=== INFORMATION SHOWN ===

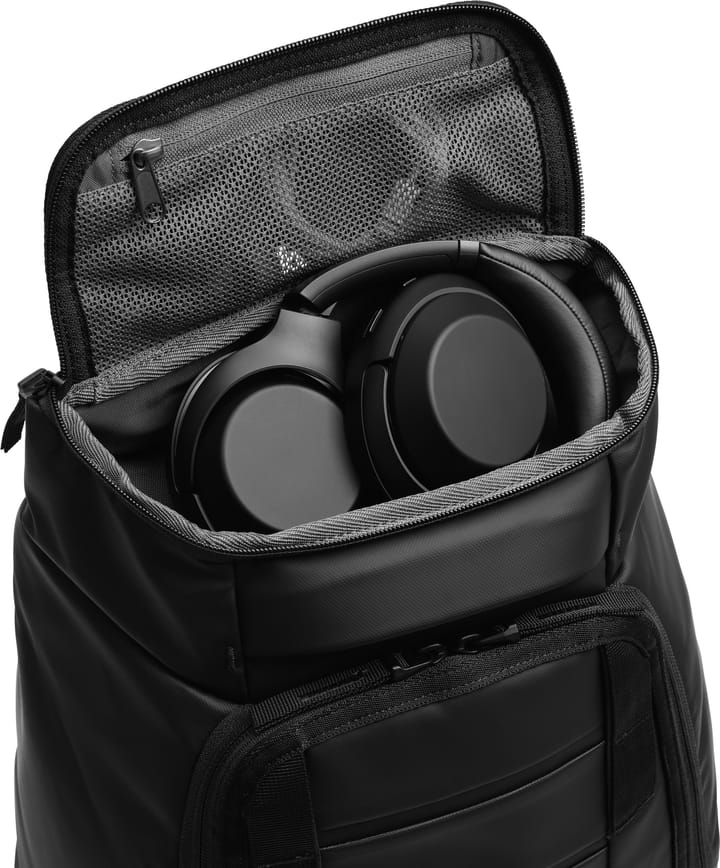 Db Hugger Backpack 25L Garnet Red Db Db Hugger Backpack 25L Garnet Red Db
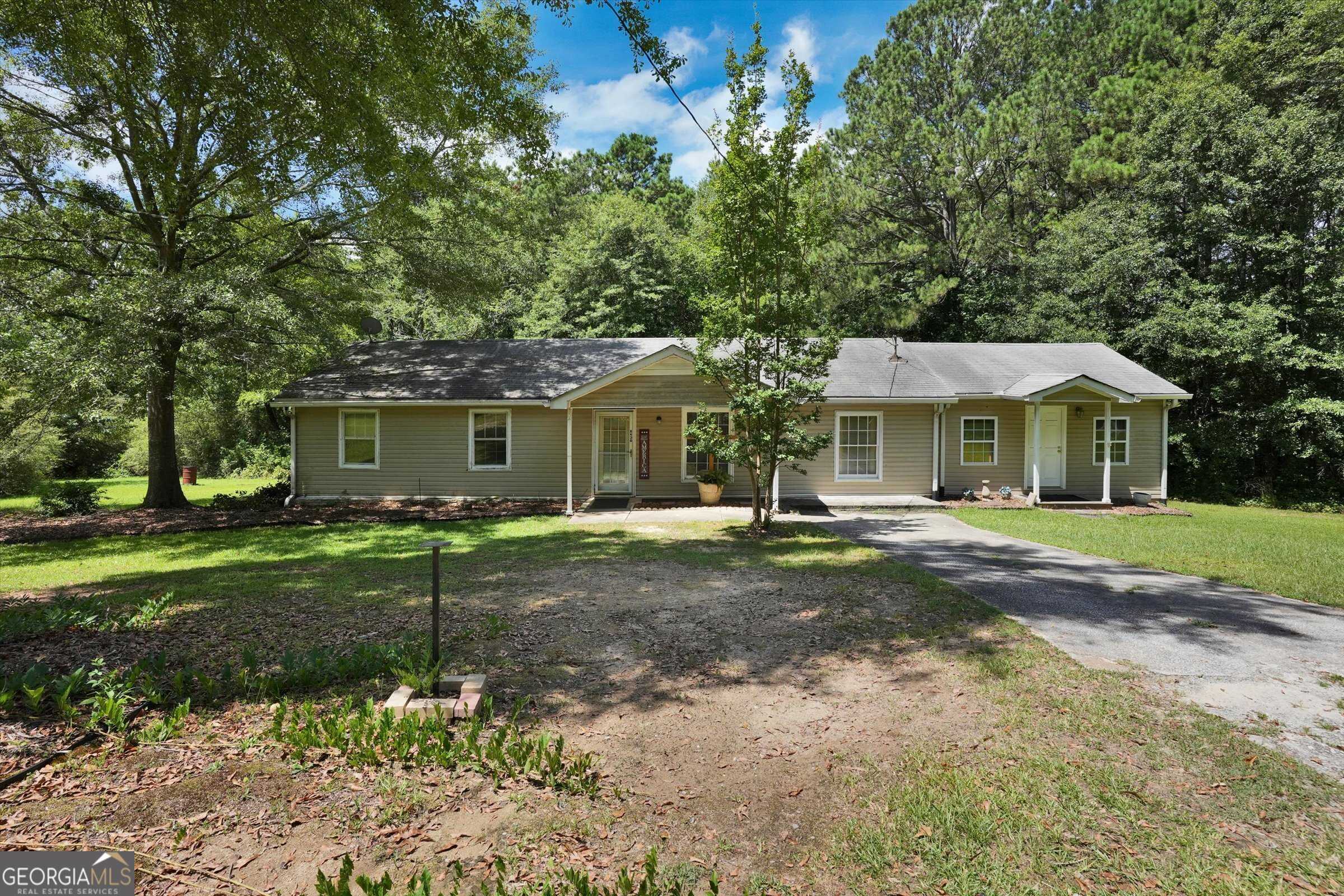 photo 2: 8430 Cleckler Road, Palmetto GA 30268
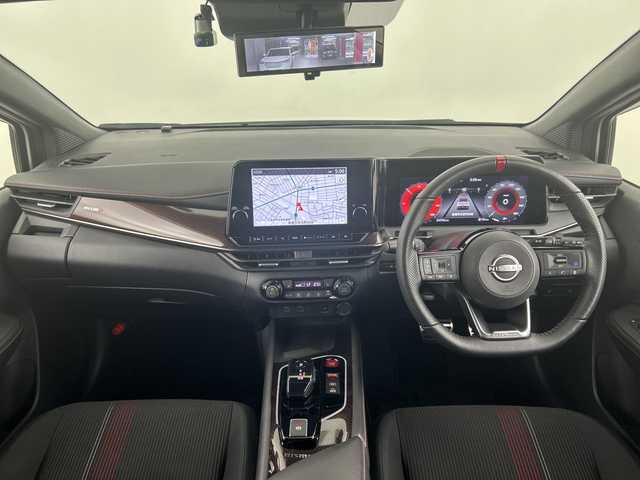 日産 オーラ ニスモ 愛知県 2022(令4)年 2.5万km ピュアホワイトパール 純正9インチナビ/（AM/FM/Bluetooth/Bluetooth）/全方位カメラ/ワイヤレス充電/プロパイロット/衝突軽減ブレーキ/レーンキープアシスト/追従式クルーズコントロール/クリアランスソナー/ブラインドスポットモニター/ETC2.0/デジタルルームミラー/純正ドライブレコーダー/ステアリングヒーター/シートヒーター/純正17インチアルミホイール/フロント・リアフォグライト/LEDヘッドライト/スマートキー/純正フロアマット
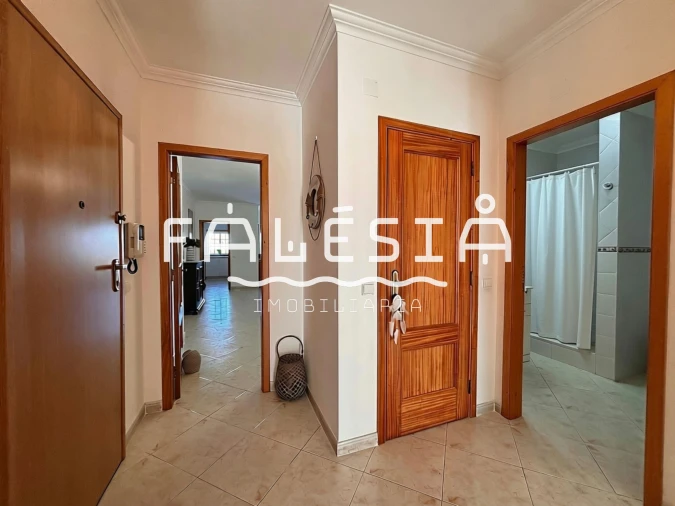 Apartamento T2 para Venda em Albufeira e Olhos de Água Foto 2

===

**EXERCISE BRIEF:** The lines from the one containing "日産 オーラ ニスモ 愛知県" to the final line of the material, both ends included, should be retyped exactly and alone, with no pictures.

**TASK SOLUTION:**
 日産 オーラ ニスモ 愛知県 2022(令4)年 2.5万km ピュアホワイトパール 純正9インチナビ/（AM/FM/Bluetooth/Bluetooth）/全方位カメラ/ワイヤレス充電/プロパイロット/衝突軽減ブレーキ/レーンキープアシスト/追従式クルーズコントロール/クリアランスソナー/ブラインドスポットモニター/ETC2.0/デジタルルームミラー/純正ドライブレコーダー/ステアリングヒーター/シートヒーター/純正17インチアルミホイール/フロント・リアフォグライト/LEDヘッドライト/スマートキー/純正フロアマット
 Apartamento T2 para Venda em Albufeira e Olhos de Água Foto 2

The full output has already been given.